*YOUR INSTRUCTIONS*.
Using the listing below, output only the lines from the one that contains "Foto del edificio - 943 Simmons Trace" through the one that contains "Darts, Schwaben Darts", inclusive, exactly as given and without images.
==========
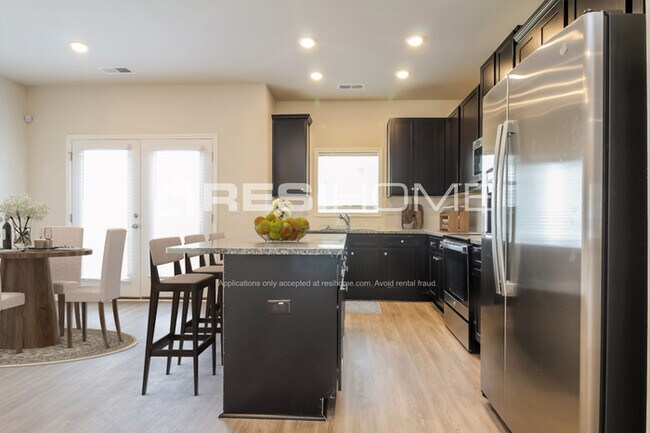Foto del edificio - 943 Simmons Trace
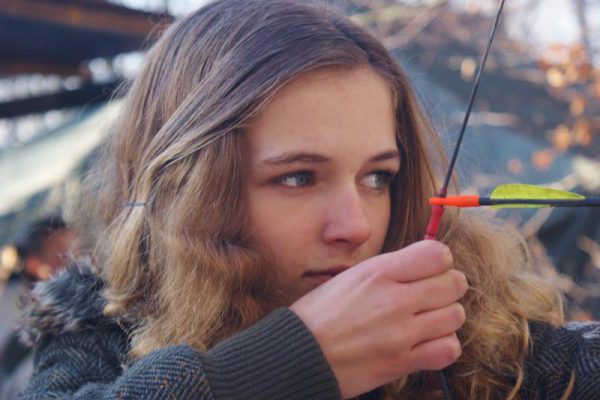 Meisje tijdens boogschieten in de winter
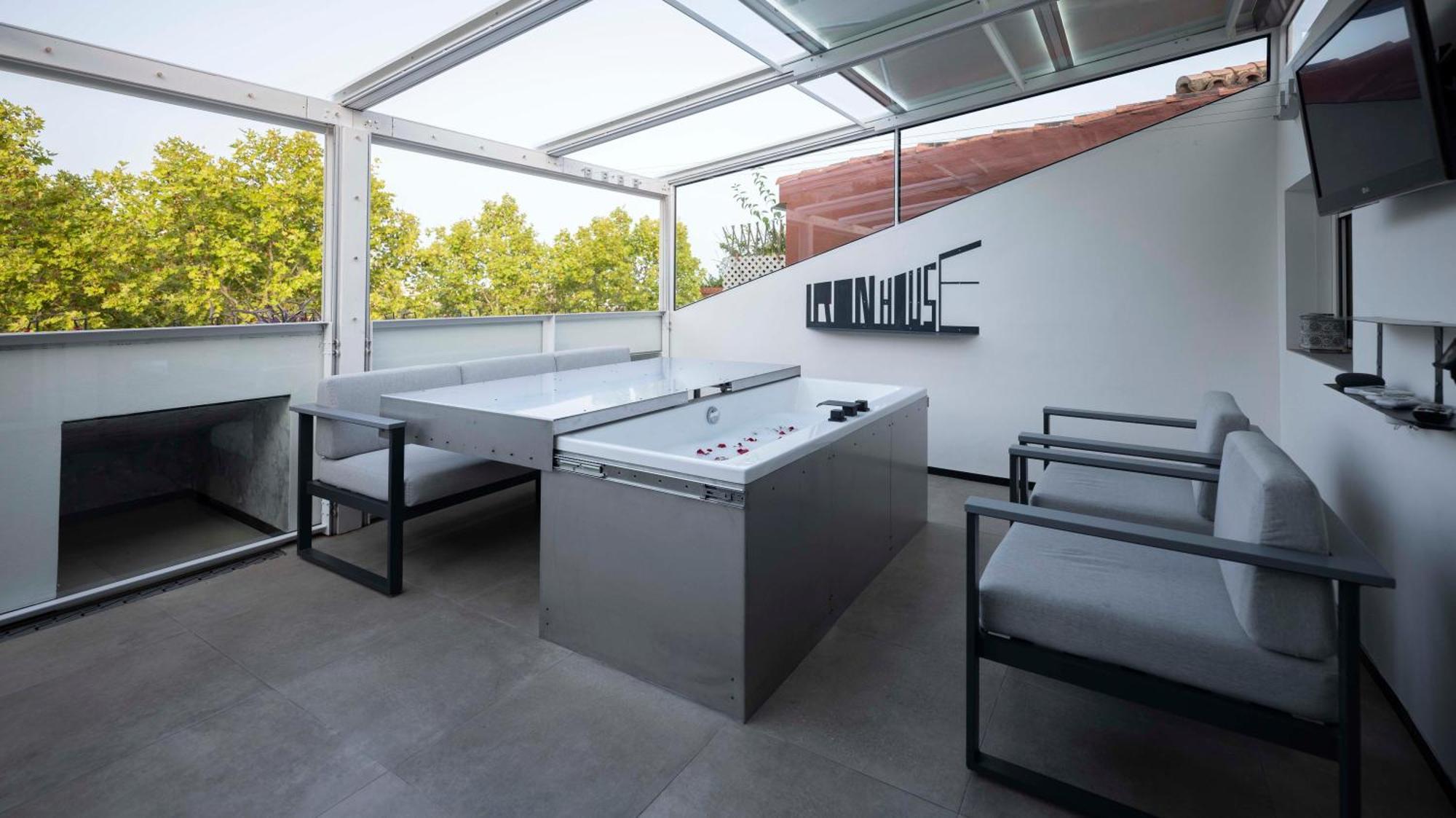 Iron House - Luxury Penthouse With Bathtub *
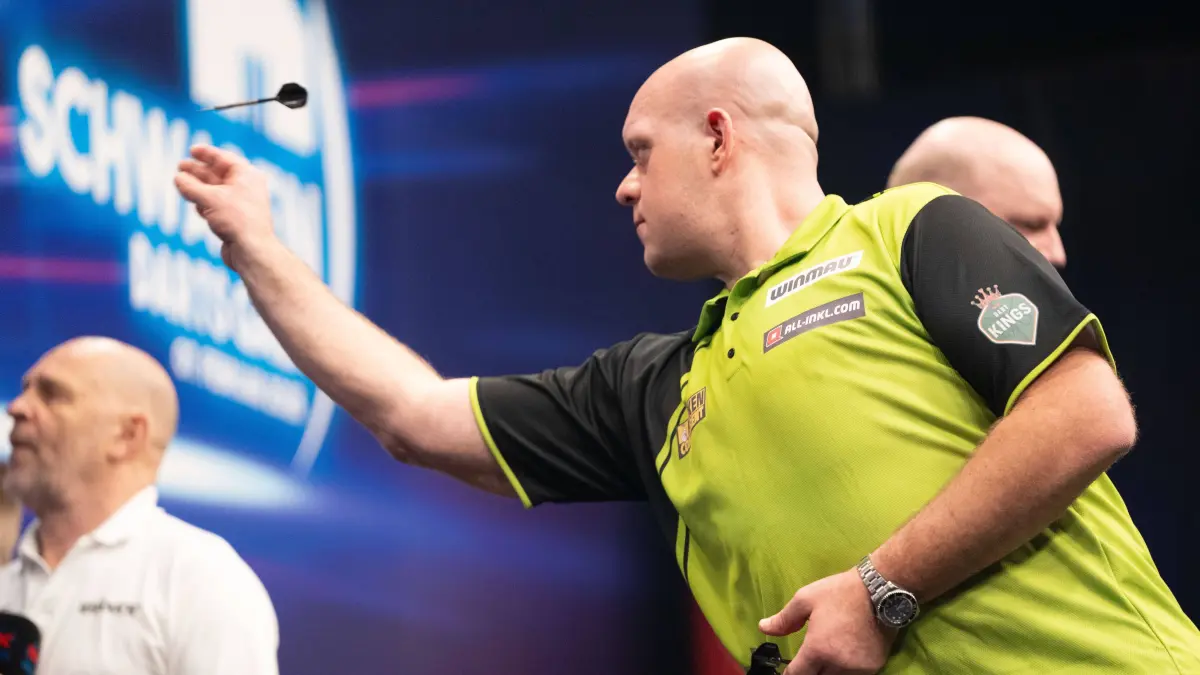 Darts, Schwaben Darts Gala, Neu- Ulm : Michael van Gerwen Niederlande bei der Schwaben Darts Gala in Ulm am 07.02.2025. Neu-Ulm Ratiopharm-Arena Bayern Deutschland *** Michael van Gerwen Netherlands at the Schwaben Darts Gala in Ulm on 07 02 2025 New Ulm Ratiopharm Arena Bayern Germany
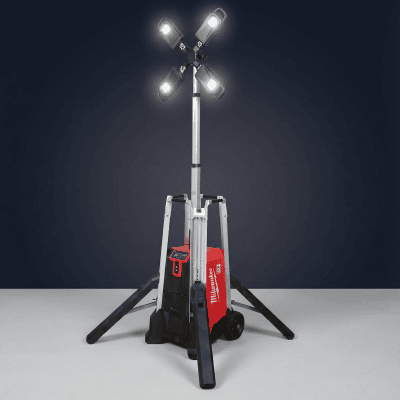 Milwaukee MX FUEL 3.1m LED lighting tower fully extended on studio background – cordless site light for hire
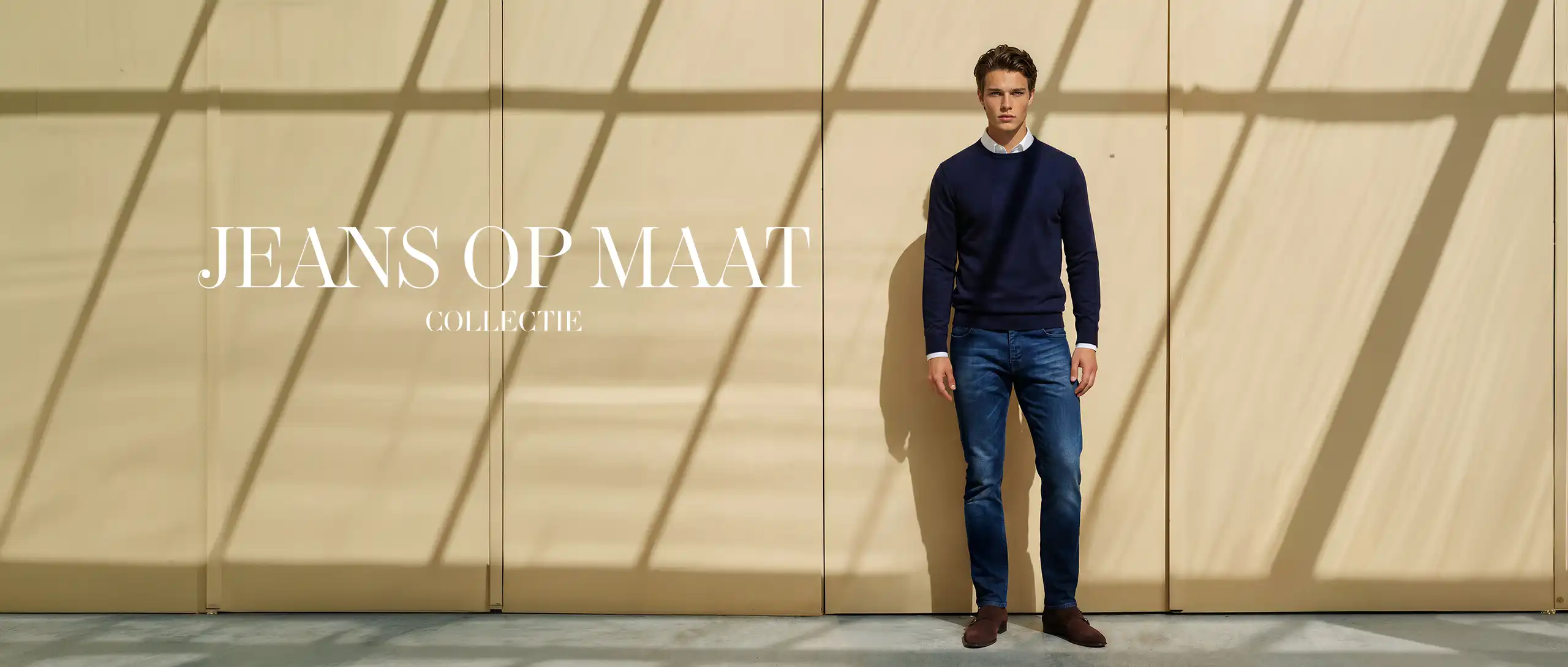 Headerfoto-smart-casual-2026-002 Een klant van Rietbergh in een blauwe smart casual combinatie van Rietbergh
==========
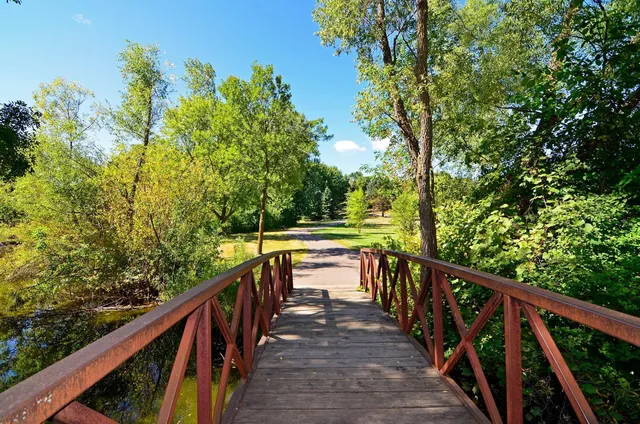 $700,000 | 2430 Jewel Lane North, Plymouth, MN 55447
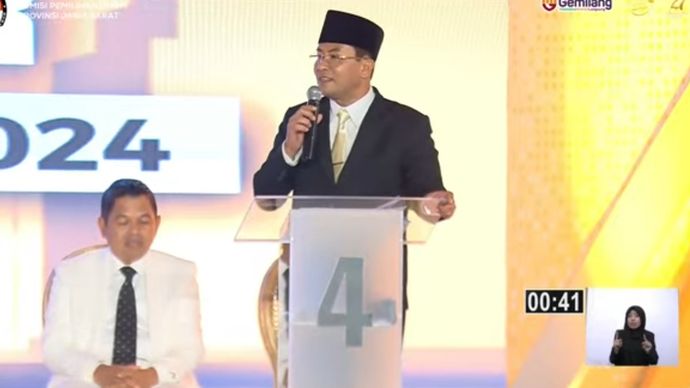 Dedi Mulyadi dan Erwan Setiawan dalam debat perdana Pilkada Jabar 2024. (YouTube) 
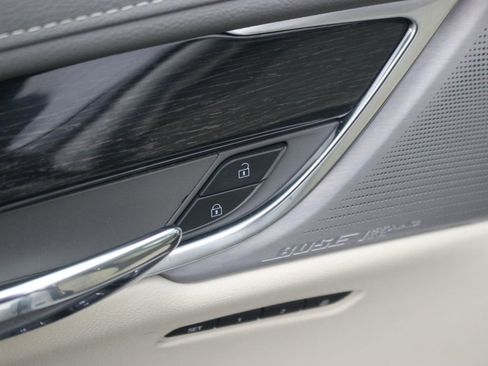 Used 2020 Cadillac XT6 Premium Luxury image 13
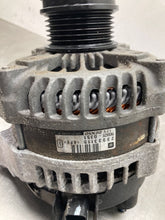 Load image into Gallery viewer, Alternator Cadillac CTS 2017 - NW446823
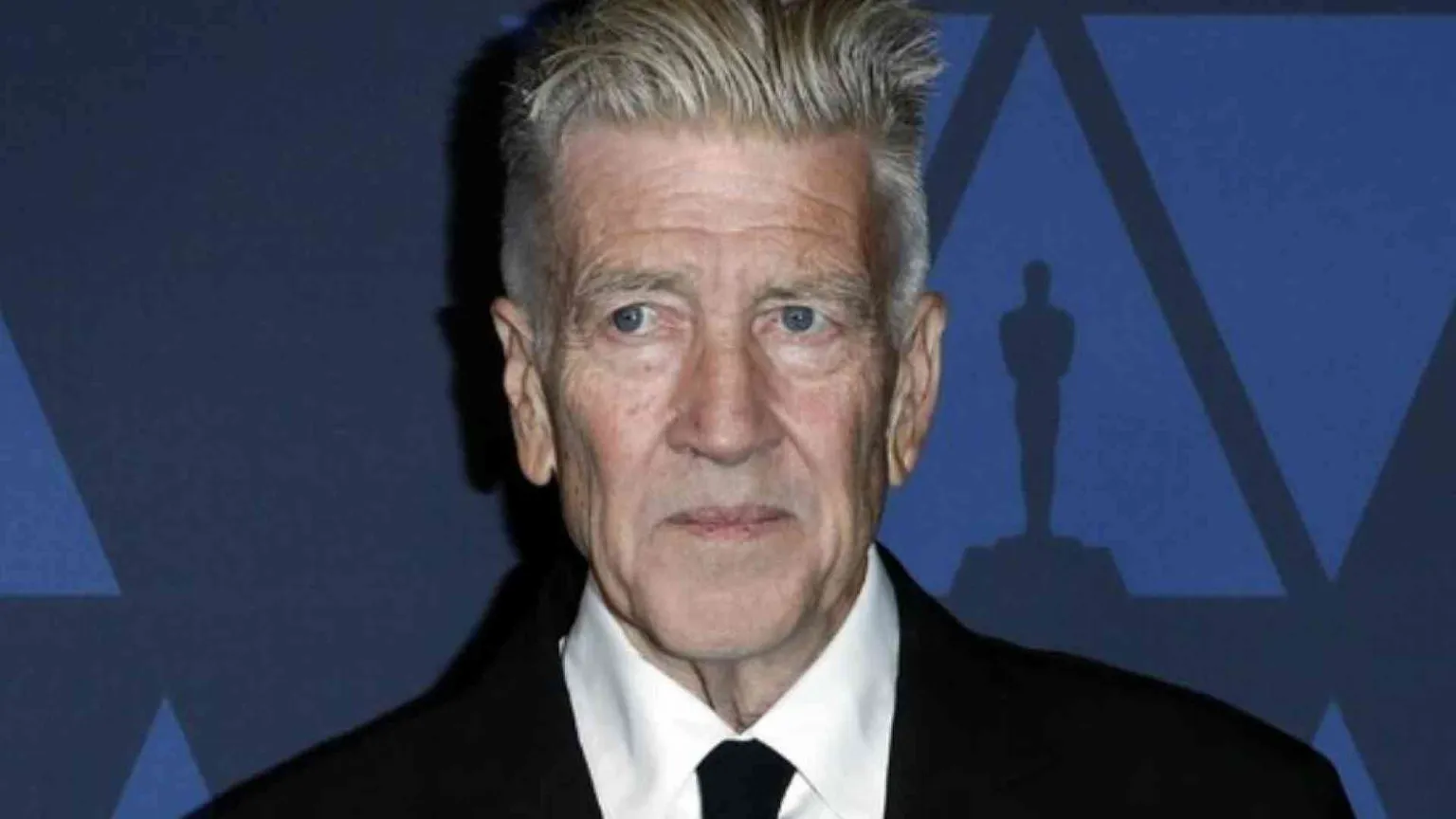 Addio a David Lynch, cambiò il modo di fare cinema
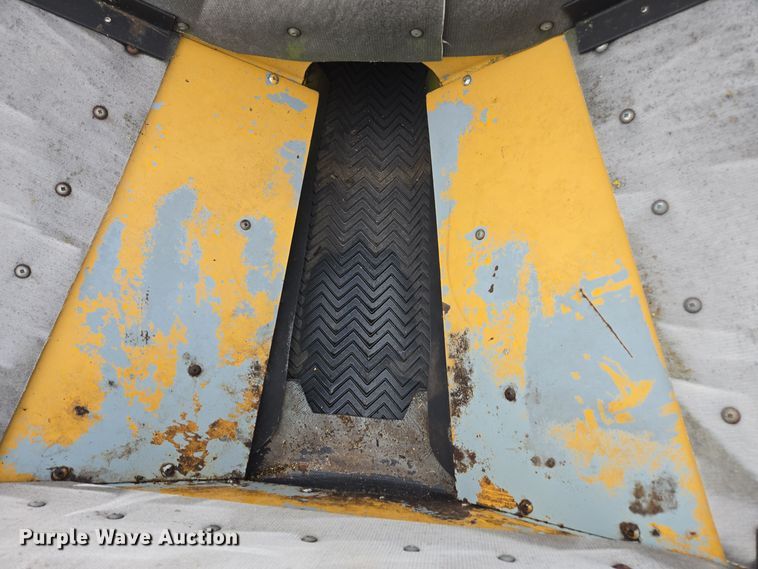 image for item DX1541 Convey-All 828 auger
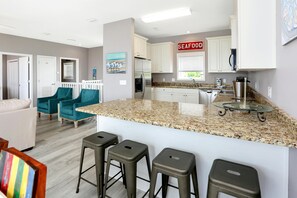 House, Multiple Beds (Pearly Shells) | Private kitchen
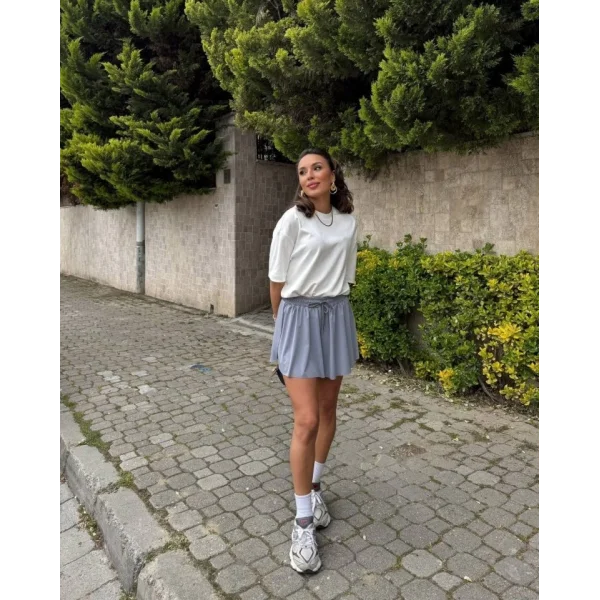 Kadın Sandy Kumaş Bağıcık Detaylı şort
==========
*SOLUTION FOR THIS TASK*.
Foto del edificio - 943 Simmons Trace
 Meisje tijdens boogschieten in de winter
 Iron House - Luxury Penthouse With Bathtub *
 Darts, Schwaben Darts Gala, Neu- Ulm : Michael van Gerwen Niederlande bei der Schwaben Darts Gala in Ulm am 07.02.2025. Neu-Ulm Ratiopharm-Arena Bayern Deutschland *** Michael van Gerwen Netherlands at the Schwaben Darts Gala in Ulm on 07 02 2025 New Ulm Ratiopharm Arena Bayern Germany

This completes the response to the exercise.